Quelle idée que de s’intéresser à l’art de Bakou ! Ce n’était pas une idée préconçue. Je l’ai dit. Le hasard.  Il n’a pas si mal fait les choses. J’ai aimé cette exposition. Peu de « regardeurs » il va sans dire ! Beaucoup de tableaux. De nombreux artistes. Le charme des expositions de ce genre tient à la découverte de la variété des expressions d’artistes parfaitement inconnus venant d’univers improbables, mais aussi aux influences dont on ressent la force et la prégnance. On y trouve la recherche de modèles, une étude des techniques, une analyse des styles. Il faut y ajouter le charme des expositions collectives qui mêlent artistes doués et moins doués. Passeurs de style et d’idées qui font résonner inventions et visions nouvelles des autres continents. Simples soldats de l’art qui appliquent le règlement en vigueur depuis 25 ans, modifié 4B, revu, 5VGNi, et répètent ce qu’on leur a appris avec plus ou moins de conscience et de bonne volonté.

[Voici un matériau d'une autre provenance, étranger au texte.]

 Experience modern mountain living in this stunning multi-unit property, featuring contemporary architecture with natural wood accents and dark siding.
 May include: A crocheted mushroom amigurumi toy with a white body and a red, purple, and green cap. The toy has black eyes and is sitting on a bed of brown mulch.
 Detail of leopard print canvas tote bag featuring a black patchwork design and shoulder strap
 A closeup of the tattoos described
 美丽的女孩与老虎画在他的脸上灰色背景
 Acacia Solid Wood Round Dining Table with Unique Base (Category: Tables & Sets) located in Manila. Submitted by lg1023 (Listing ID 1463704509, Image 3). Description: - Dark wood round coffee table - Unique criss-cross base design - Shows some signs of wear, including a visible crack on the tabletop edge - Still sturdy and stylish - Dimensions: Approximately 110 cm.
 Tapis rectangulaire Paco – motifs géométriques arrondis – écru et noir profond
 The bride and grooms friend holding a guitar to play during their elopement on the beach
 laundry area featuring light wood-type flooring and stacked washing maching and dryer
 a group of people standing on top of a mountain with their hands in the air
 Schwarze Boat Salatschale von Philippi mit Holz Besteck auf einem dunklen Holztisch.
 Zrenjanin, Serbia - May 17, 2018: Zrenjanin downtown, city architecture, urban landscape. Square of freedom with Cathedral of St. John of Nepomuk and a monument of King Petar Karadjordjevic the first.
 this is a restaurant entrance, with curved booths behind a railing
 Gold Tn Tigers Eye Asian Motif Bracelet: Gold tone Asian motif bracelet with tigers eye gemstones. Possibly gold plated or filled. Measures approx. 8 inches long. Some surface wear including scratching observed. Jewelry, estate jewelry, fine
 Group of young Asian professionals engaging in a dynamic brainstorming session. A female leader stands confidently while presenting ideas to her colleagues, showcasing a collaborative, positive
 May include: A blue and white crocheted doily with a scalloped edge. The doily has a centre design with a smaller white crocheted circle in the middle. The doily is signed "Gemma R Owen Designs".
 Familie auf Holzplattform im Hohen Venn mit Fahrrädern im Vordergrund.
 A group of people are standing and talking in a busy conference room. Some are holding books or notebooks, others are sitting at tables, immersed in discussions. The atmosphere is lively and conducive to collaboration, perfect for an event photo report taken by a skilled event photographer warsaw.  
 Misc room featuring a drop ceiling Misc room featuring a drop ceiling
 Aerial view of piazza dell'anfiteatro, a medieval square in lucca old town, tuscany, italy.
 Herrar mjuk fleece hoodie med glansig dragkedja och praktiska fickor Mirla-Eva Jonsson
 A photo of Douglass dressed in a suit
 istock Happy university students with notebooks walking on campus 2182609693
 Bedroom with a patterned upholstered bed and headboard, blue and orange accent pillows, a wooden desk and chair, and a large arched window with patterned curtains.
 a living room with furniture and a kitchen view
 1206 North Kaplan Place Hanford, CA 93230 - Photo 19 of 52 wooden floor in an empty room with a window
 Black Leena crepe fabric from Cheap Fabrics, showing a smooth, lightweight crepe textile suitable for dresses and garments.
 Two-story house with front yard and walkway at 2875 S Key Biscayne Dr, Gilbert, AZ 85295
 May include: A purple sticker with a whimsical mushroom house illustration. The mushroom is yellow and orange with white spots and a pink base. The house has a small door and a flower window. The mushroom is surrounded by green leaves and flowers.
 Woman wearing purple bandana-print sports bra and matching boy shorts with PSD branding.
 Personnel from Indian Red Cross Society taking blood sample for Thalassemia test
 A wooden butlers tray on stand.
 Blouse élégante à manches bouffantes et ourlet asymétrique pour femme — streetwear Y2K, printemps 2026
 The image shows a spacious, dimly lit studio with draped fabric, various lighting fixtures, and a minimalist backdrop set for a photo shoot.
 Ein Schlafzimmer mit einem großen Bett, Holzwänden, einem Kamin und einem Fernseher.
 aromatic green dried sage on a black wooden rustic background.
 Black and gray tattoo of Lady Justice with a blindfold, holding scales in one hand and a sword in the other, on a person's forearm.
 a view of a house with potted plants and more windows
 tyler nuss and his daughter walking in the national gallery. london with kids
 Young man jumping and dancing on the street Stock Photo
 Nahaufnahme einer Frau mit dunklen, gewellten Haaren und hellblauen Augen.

Après tout, les impressionnistes ont continué leur conquête du monde de la couleur et du chevalet durant tout le XXème siècle. Aujourd’hui encore, il est doux de suivre les quais et de retrouver au même endroit la cohorte des peintres de Notre-Dame, au même endroit qu’il y a un siècle, qui seront au même endroit encore dans un siècle supplémentaire. Si je n’ai pas senti le génie, si l’art à Bakou ne me paraît pas encore en mesure de dire au monde ce que l’art doit être, il s’y trouve des porteurs de flambeau vigoureux et pugnace.

 

Au fond peu importe. L’intérêt ne serait-il que de rencontrer l’œuvre d’un peintre ou d’un sculpteur qui parle, qui poser les questions qui touchent, l’objectif d’une telle exposition serait alors atteint. J’y suis resté plus longtemps que je ne l’avais pensé.

 

Trois artistes m’ont frappé et touché.

 

L’un, Altai Sadiqzadeh, présentait des sculptures, stabiles colorés, dégingandés, torturés. Insectes ou arbres déchiquetés. Ferrailles grossièrement découpées, lançant des membrures tordues. Sculptures fortes et bien construites. Inscrites dans l’espace. Des sculptures qui tournent comme j’aime que les sculptures soient capables non seulement de piéger l’espace mais aussi le temps. Ses peintures sont à l’unisson. Couleurs primaires et éclatantes. Formes déchirées. Rien d’inutilement agressif. Rien de gentil. Les acryliques sur papier, noir et blanc plus sévères et plus durs sont très forts, très noirs. On trouve souvent sur papier ce qu’il y a au fond du cœur d’un artiste. A ce moment d’expression la technique ne multiplie par les embûches, le format légitime que le dessin, la tâche, l’éraflure parlent le langage de ces signes dessinés qui définissent l’écriture. Toutes ces œuvres ont une force et accrochent le regard.

 

Le second, est manifestement sous l’influence des écoles allemandes de l’entre-deux guerres, Niyaz Najafov. Ses peintures sont dans la veine du réalisme expressionniste. Couleurs « allemandes », des jaunes criards ou verdâtres, des rouges violents et des personnages ou bien à l’abandon ou engagé dans la violence et la menace.

 

La troisième, puisqu’il s’agit d’ « une » artiste, Leila Aliyeva est aussi l’organisatrice de l’exposition. Ses techniques mixtes, encre et crayon, sont plus proche de l’écriture et de la calligraphie. Scènes et personnages sortis des contes peuplent le travail de l’artiste, en compagnie d’un bestiaire moderne.

 

A aucun moment,  la phrase assassine « comment peut-on être artiste à Baku ? » n’est venue troubler le plaisir de la visite. A tout moment, en revanche, se donnaient à voir et à écouter, l’art qui parle à l’art, les artistes qui voyagent, l’art d’ailleurs aussi qui s’infiltre partout, venant de partout, le travail bien au-delà des frontières pays, les échanges.

Moment de charme dans un grand vaisseau vide et silencieux. Lumineux. La journée était ensoleillée.